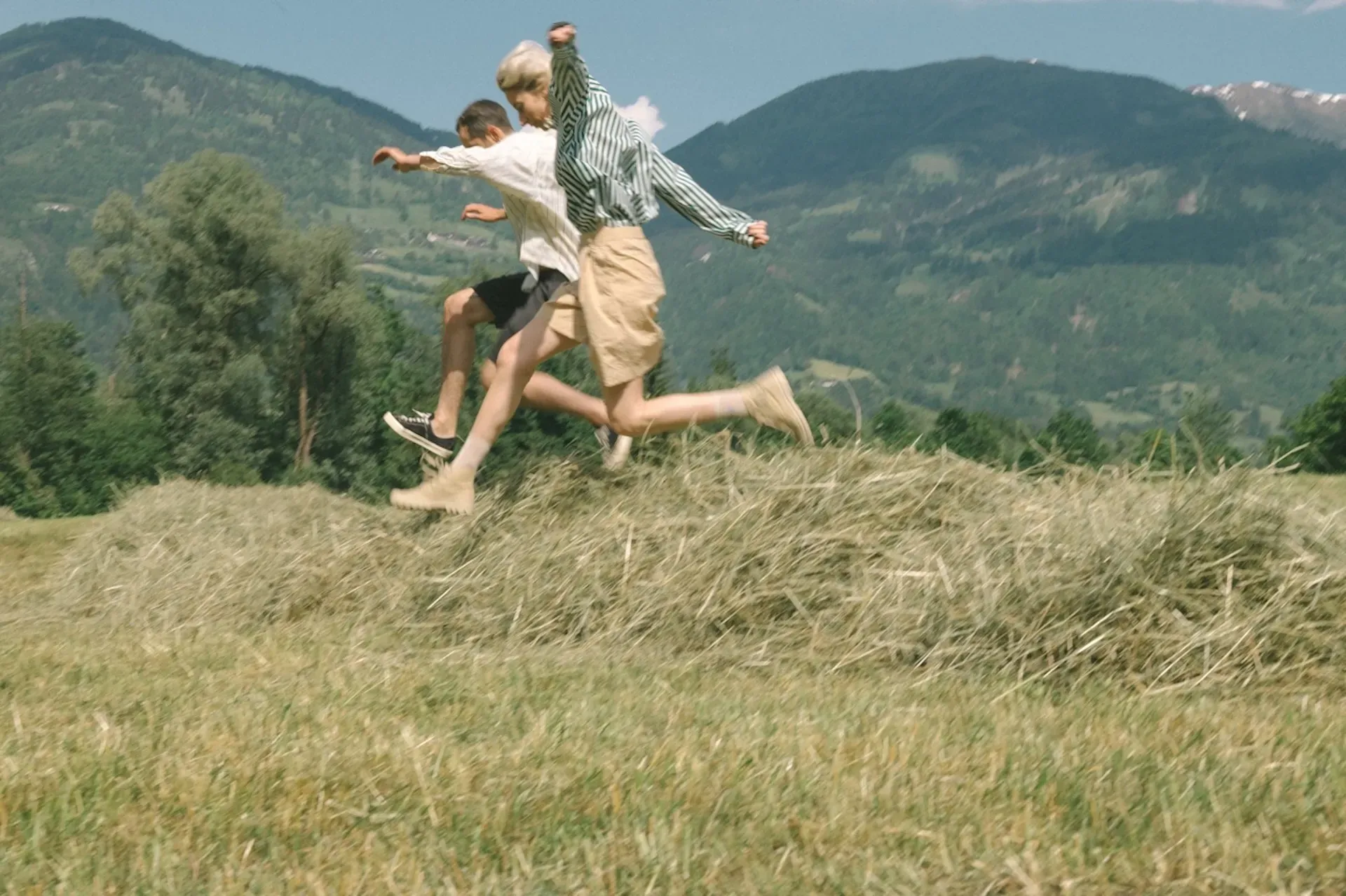 Two people running through a field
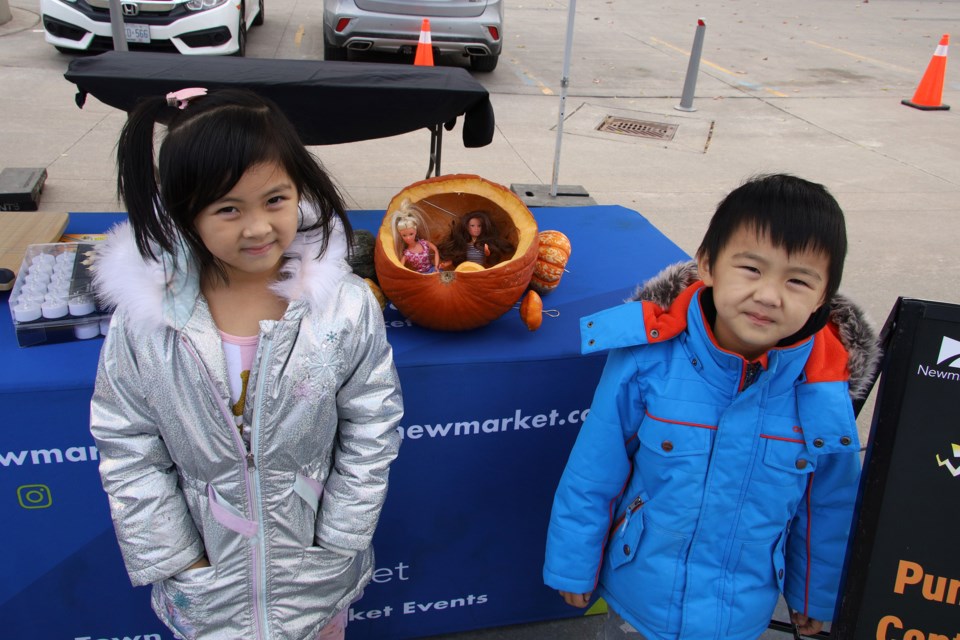 Halloween pumpkins got an extra day in the spotlight at the Town of Newmarket's annual pumpkin parade Nov. 1 at Riverwalk Commons. Keeva and Kyler Qu entered their Barbie pumpkin coach. Greg King for NewmarketToday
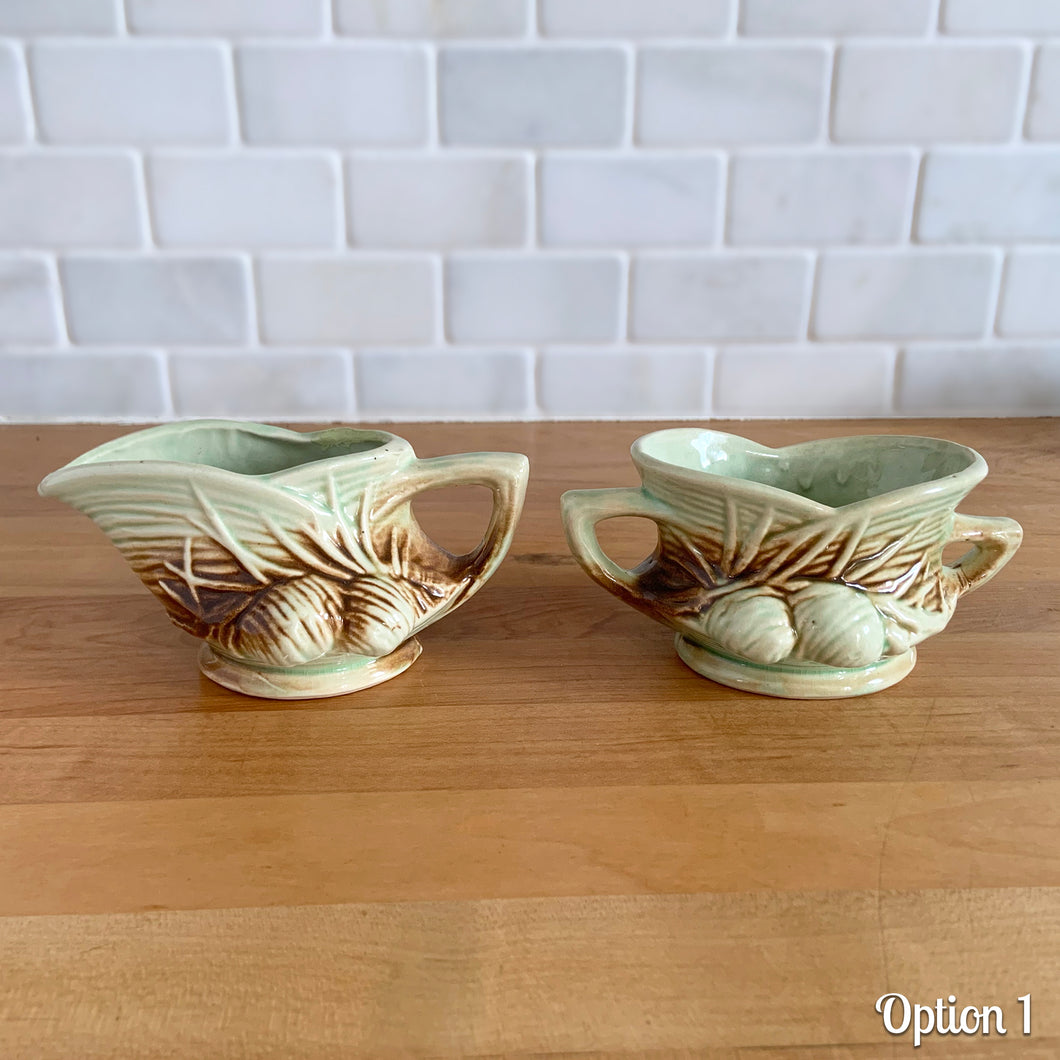 Striking vintage gloss glazed Pinecone sugar and creamer in shades of green and brown. Crafted by McCoy Pottery, 1946. Complete your tea set with this rare set, a must for any McCoy art pottery collector. Makes a nice complement to your Christmas, cottage or lodge decor!

Option 1: Creamer measures 5 5/8 x 3 1/4 x 2 7/8 inches. Sugar measures 5 1/2 x 3 3/8 x 2 3/4 inches. In excellent condition, no chips/cracks/repairs, age-related crazing. Maker's mark.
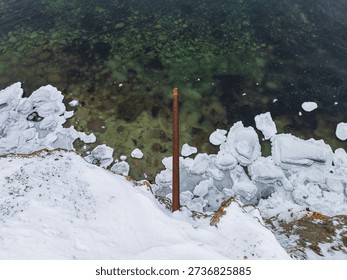 High angle view of a rusty iron pipe protruding from a snowy cliff over the clear Baltic Sea water, Estonia.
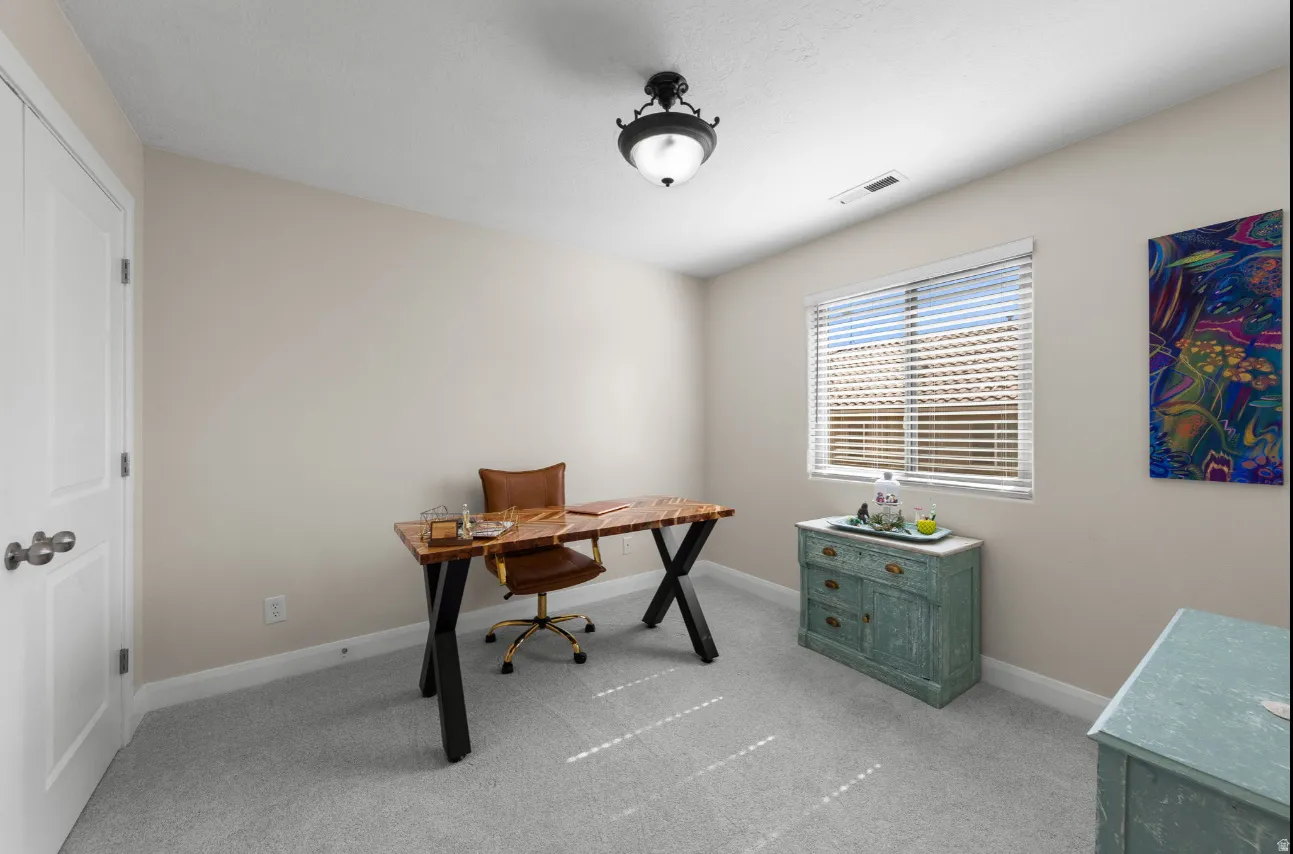 Recessed lighting, light gray carpeting, and a window with blinds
* * *
*Task to carry out:* Only the pictures are to be excluded; all other parts of the records above are to be given exactly.

*Solution to this exercise:*
 Two people running through a field
 Halloween pumpkins got an extra day in the spotlight at the Town of Newmarket's annual pumpkin parade Nov. 1 at Riverwalk Commons. Keeva and Kyler Qu entered their Barbie pumpkin coach. Greg King for NewmarketToday
 Striking vintage gloss glazed Pinecone sugar and creamer in shades of green and brown. Crafted by McCoy Pottery, 1946. Complete your tea set with this rare set, a must for any McCoy art pottery collector. Makes a nice complement to your Christmas, cottage or lodge decor!

Option 1: Creamer measures 5 5/8 x 3 1/4 x 2 7/8 inches. Sugar measures 5 1/2 x 3 3/8 x 2 3/4 inches. In excellent condition, no chips/cracks/repairs, age-related crazing. Maker's mark.
 High angle view of a rusty iron pipe protruding from a snowy cliff over the clear Baltic Sea water, Estonia.
 Recessed lighting, light gray carpeting, and a window with blinds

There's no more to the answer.